### EXERCISE AIM
Copy out the whole listing exactly as written, leaving the pictures behind.

Top of COLLECTED MATERIAL

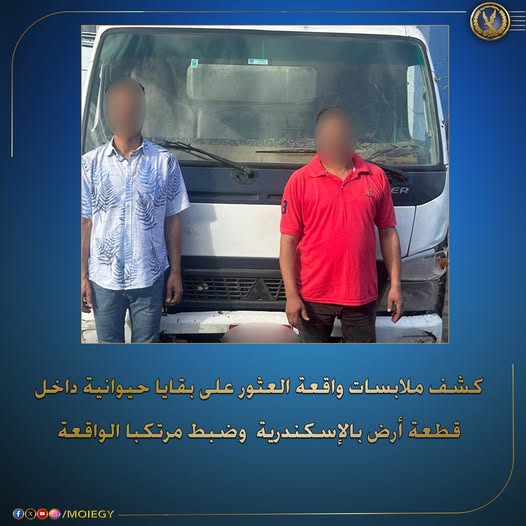 مفاجأة وراء لغز العثور على أجولة مشبوهة تحوي بقايا حيوانات بالإسكندرية
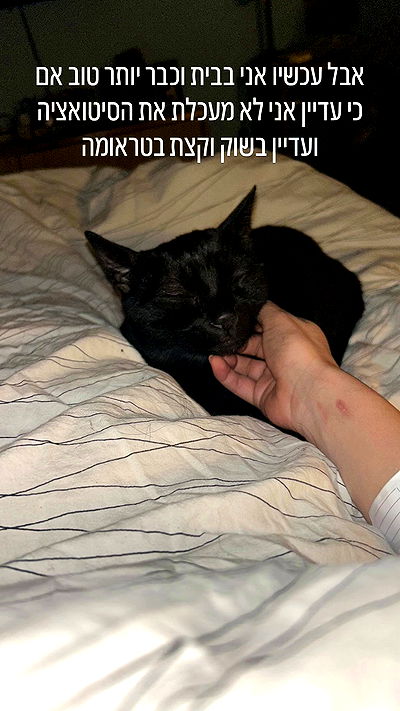 feelbetterinmysweater feelbetterinmysweater archive video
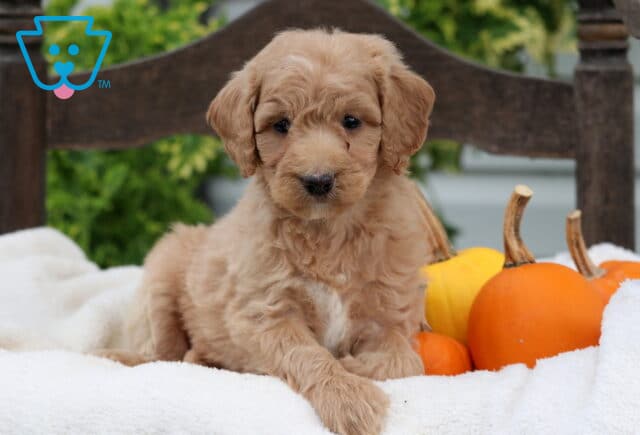 Reese Mini Goldendoodle image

Bottom of COLLECTED MATERIAL

### RESPONSE AREA
 مفاجأة وراء لغز العثور على أجولة مشبوهة تحوي بقايا حيوانات بالإسكندرية
 feelbetterinmysweater feelbetterinmysweater archive video
 Reese Mini Goldendoodle image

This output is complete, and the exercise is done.